Collected data:
═══

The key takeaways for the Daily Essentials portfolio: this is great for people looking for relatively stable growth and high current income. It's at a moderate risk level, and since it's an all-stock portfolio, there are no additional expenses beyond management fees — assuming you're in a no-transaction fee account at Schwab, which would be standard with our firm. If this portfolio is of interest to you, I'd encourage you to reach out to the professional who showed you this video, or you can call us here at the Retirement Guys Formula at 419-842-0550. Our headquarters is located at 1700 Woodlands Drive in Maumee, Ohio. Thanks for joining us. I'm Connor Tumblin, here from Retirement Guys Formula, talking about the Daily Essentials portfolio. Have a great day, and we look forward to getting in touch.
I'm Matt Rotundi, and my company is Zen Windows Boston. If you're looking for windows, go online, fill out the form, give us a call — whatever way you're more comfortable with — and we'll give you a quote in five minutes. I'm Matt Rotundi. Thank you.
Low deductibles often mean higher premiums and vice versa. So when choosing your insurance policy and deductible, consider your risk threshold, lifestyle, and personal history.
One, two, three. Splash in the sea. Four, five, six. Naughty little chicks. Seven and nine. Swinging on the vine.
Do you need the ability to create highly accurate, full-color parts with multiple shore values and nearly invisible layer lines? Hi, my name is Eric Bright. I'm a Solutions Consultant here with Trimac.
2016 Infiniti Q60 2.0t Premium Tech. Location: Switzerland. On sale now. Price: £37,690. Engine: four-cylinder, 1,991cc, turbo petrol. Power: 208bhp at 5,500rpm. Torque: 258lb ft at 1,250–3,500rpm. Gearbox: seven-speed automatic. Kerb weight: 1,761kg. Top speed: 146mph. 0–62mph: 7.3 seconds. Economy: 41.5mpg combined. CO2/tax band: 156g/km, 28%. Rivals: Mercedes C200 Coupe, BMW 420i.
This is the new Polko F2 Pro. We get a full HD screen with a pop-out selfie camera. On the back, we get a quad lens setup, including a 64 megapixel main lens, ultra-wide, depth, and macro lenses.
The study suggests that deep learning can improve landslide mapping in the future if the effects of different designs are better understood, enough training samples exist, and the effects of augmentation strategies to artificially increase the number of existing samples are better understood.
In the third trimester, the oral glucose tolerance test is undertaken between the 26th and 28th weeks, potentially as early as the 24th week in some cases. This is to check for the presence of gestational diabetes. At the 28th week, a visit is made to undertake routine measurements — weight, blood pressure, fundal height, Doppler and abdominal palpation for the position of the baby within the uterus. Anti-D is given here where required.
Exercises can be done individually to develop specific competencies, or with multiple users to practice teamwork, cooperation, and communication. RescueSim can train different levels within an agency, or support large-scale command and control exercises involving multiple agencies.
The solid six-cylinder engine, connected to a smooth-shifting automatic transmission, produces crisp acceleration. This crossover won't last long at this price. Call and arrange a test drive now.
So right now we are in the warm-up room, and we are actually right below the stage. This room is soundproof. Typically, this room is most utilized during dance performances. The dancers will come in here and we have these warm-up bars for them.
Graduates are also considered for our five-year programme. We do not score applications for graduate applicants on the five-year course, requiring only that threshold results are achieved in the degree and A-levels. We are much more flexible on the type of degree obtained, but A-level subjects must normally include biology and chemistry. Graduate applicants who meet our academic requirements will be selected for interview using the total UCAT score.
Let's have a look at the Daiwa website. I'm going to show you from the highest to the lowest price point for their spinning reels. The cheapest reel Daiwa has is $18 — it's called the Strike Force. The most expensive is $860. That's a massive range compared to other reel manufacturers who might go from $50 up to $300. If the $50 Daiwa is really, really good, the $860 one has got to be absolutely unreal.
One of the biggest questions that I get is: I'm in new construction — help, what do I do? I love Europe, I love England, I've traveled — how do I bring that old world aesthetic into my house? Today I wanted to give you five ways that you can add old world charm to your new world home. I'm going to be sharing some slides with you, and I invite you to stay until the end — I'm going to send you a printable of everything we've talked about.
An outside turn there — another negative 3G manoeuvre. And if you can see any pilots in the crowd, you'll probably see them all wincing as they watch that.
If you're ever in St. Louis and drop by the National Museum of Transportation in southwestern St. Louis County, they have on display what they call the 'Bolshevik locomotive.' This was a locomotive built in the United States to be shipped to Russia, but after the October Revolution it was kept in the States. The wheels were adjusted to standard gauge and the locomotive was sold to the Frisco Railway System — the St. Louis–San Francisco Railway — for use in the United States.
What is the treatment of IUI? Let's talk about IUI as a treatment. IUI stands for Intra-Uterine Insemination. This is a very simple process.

═══

WHAT TO PRODUCE:
Return, unchanged, the run of lines above that opens with the line containing "So right now" and closes with the line containing "Graduates are also". Include both.

RESULT OF THE TASK:
So right now we are in the warm-up room, and we are actually right below the stage. This room is soundproof. Typically, this room is most utilized during dance performances. The dancers will come in here and we have these warm-up bars for them.
Graduates are also considered for our five-year programme. We do not score applications for graduate applicants on the five-year course, requiring only that threshold results are achieved in the degree and A-levels. We are much more flexible on the type of degree obtained, but A-level subjects must normally include biology and chemistry. Graduate applicants who meet our academic requirements will be selected for interview using the total UCAT score.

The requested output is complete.